Der Regierungschef verteilte darüber hinaus eine Reihe von Prämien und Förderprogrammen. Damit will er die Krise meistern. Insgesamt 5,5 Milliarden Euro stecken im neuen Fördertopf, den Mitsotakis am Wochenende vorstellte. Auch bestehende Förderung werden damit ergänzt.

Der „grüne“ Konservative

Mitsotakis, der seit Amtsantritt den Kohleausstieg forcierte und dafür sorgte, dass es fast keinen Berg mehr ohne Windkraftanlagen gibt, sieht sich gezwungen, nun auf Klimakiller zu setzen. Stillgelegt Braunkohlekraftwerke werden reaktiviert, mit Gas betriebene Kraftwerke sollen, wo möglich auf Erdölbetrieb umgeschaltet werden.

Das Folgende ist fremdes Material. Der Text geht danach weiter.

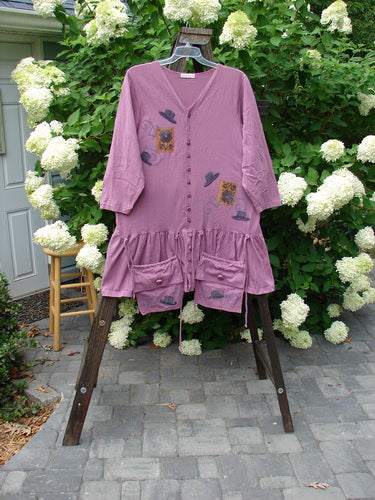 Image alt text: 1997 Belladonna Jacket with detachable pocket purses and whimsical top hat theme paint, on a rack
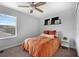 Bedroom with neutral wall, window, ceiling fan, and a bed with a vibrant orange comforter set at 11812 Metaphor Aly, Orlando, FL 32832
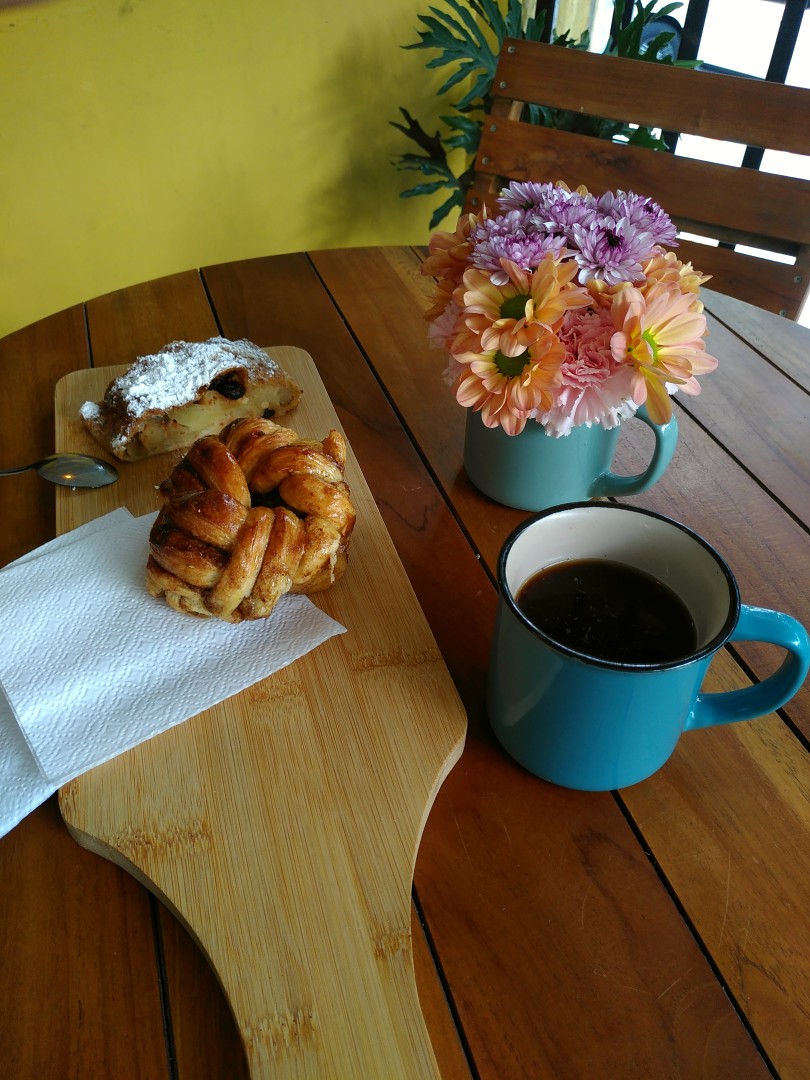 A wooden table with some colourful flowers, a cup of coffee and an equally wooden board with delicious looking pastries on top of it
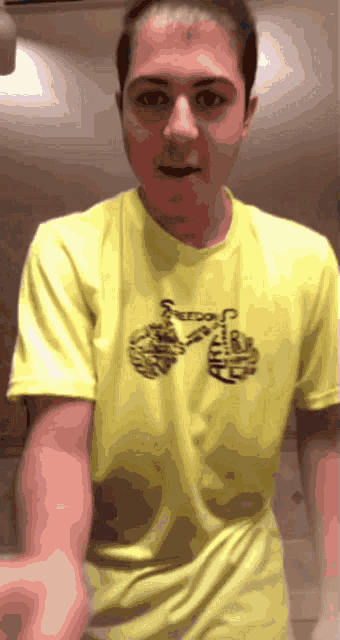 a man wearing a yellow t-shirt with the word freedom on it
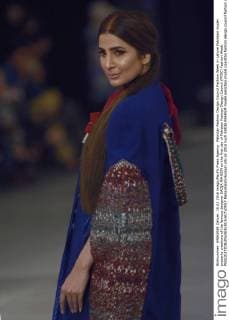 Pakistan Fashion Design Council Fashion Week in Lahore Pakistani model presents creations of the famous designer SAIQA RAHEEM on the first day of Pakistan Fashion Design Council (PFDC) Fashion Week.  RanaxSajidxHussain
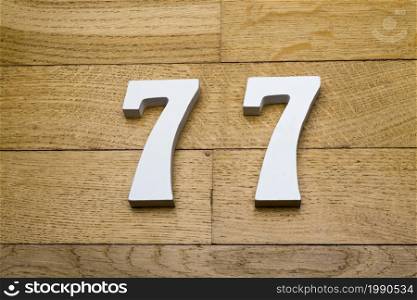 Figures seventy-seven on a wooden, parquet floor as a background.. The figures are seventy-seven on the wooden, parquet floor.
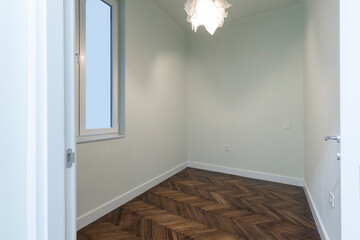 Interior of an empty apartment with brown wooden parquet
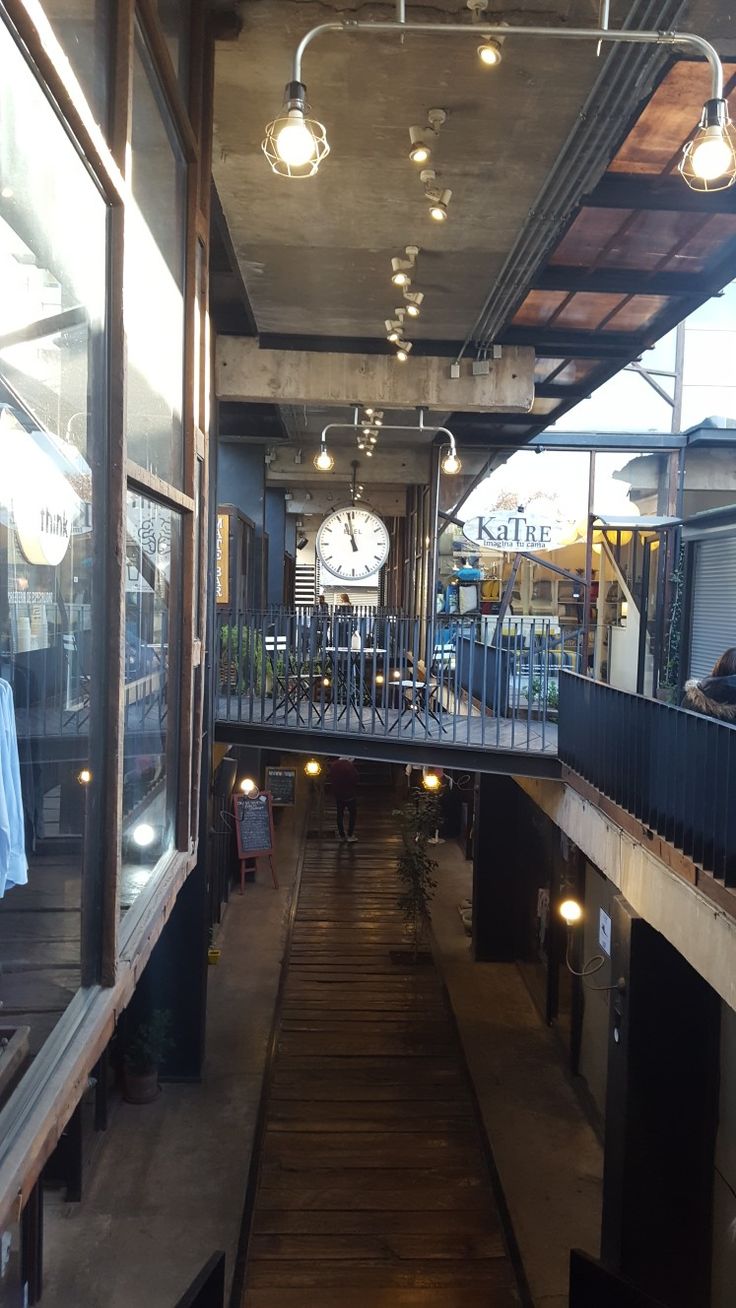 the inside of a building with lots of windows and lights hanging from it's ceiling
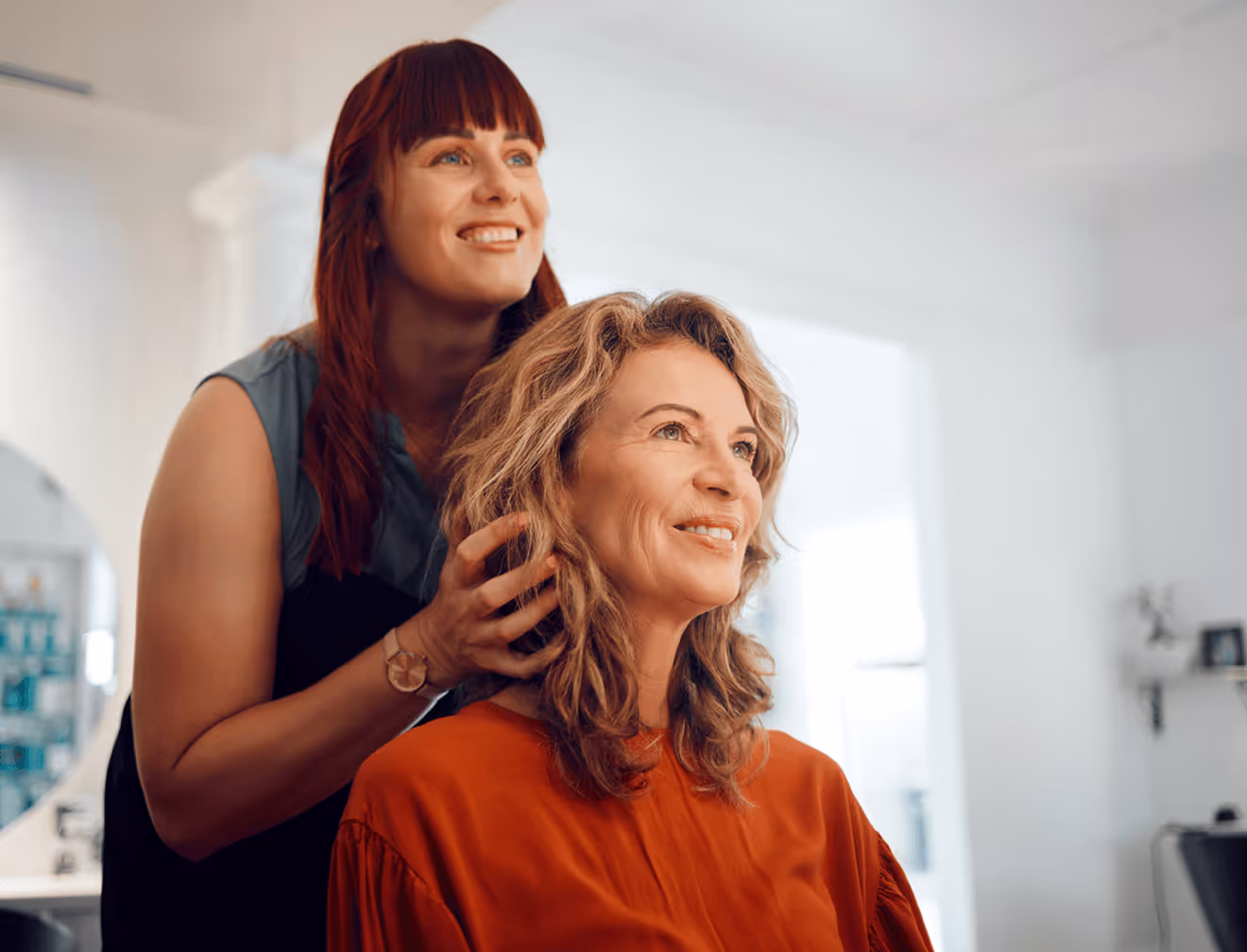 Zwei Friseurinnen frisieren und beraten eine glückliche Kundin.
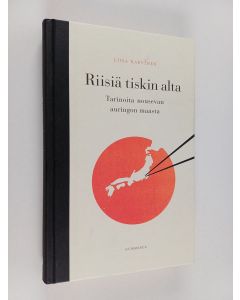 Kirjailijan Liisa Karvinen käytetty kirja Riisiä tiskin alta : tarinoita nousevan auringon maasta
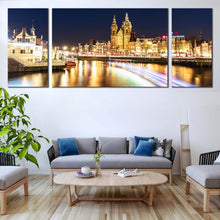 Load image into Gallery viewer, Harbors  City  Canvas  Wall  Art  Blue  Sky  Amsterdam  Centraal  Damrak  Canvas  Artwork  Yellow  City  Lights  Reflection  Canal    3  Piece  Canvas  Print For Living Room
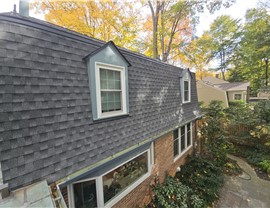 Brick house with gray-blue accents and a Mansard roof featuring Pewter Gray Timberline HDZ shingles, surrounded by mature trees and lush landscaping in Rockville, Maryland.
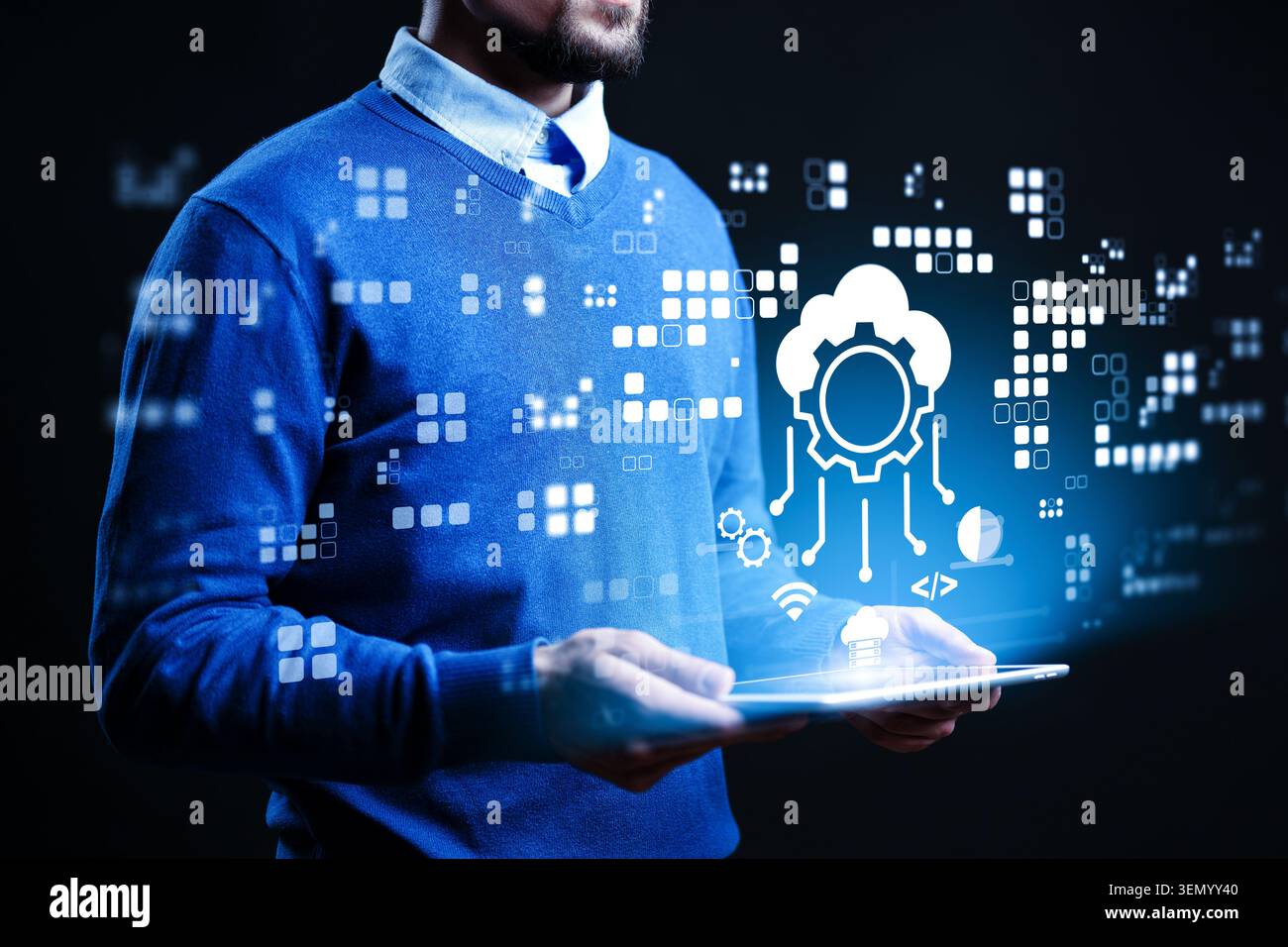 Man holds tablet and interacts with cloud and data graphics in digital space Stock Photo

Mitsotakis hatte frühzeitig die Windkraft und den Kampf gegen den Klimawandel als unternehmerische Chance begriffen. Seine Regierung sorgte mit Gesetzen dafür, dass Windparks auch in Naturschutzgebieten errichtet werden können. Zudem ist es nun auch erlaubt, in von Waldbränden abgebrannten Flächen Anlagen zur Nutzung regenerativer Energien zu errichten. Vorher sah die Gesetzgebung strikt vor, dass abgebrannte Wälder wieder aufgeforstet werden müssen und ihren rechtlichen Status als Wald nie verlieren.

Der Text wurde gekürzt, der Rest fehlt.